Security firm PingSafe accused Shiba Inu’s development team of leaking Amazon Web Services credentials in August, putting the entire project in jeopardy over the course of two days. The team has remained silent on the matter.
Shiba Inu leaked AWS credentials
Security firm PingSafe published a report on September 8 detailing its findings. The company said that on August 22, it discovered a commit in Shiba Inu’s public GitHub repository displaying credentials related to the project’s Amazon Web Services (AWS) account.
The leak included several pieces of data, including AWS_ACCESS_KEY and AWS_SECRET_KEY, two data that allowed the script to access the AWS account. In this case, the affected code is part of a shell script used to run authentication nodes for Shiba Inu’s layer 2 network, Shibarium.

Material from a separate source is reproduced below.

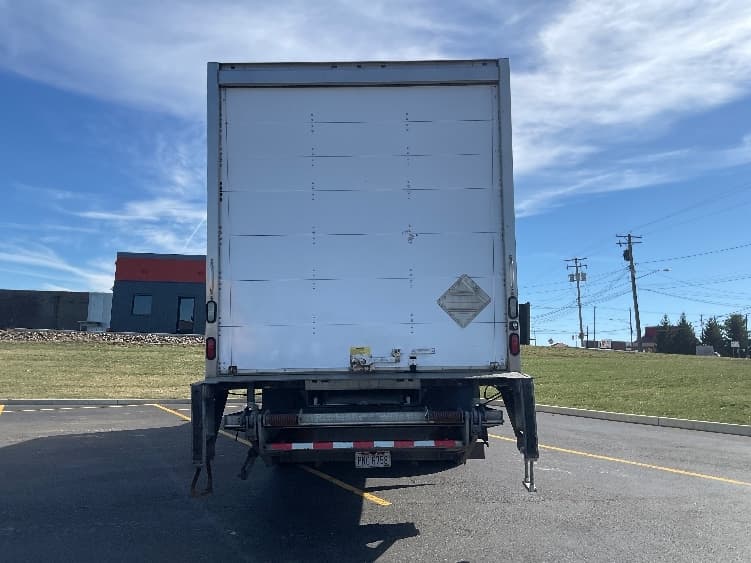 2019 Freightliner M2 106 — photo 7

PingSafe said that the bug “exposed the company’s AWS account” and could lead to security breaches such as money theft, embezzlement, and service interruptions. PingSafe added that it tried to contact Shiba Inu and various developers via email and social media to inform them about the risk but received no response. The security company also tried to look for bug bounty programs or responsible disclosure policies but found no means to report the problem.

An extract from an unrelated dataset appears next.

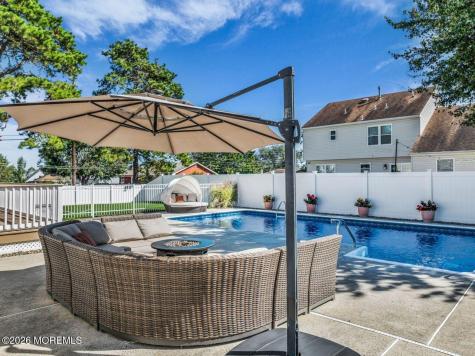 1501 Mermaid Avenue Beachwood NJ 08722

The leak was no longer a risk, as the credentials were no longer valid after two days. The Shiba Inu team also removed the commitment containing leaks following Pingsafe’s report, and more recent code commitments contained no leaked data.
Shiba Inu is not a prime target of attacks. However, broader attacks have brought the coin down: SHIB was an asset stolen in a $611 million attack on Poly Network a year ago, while an attack on Bitmart in December stole $32 million in SHIB tokens.
Shiba Inu is currently the 12th largest cryptocurrency by market cap with a market cap of $7.5 billion.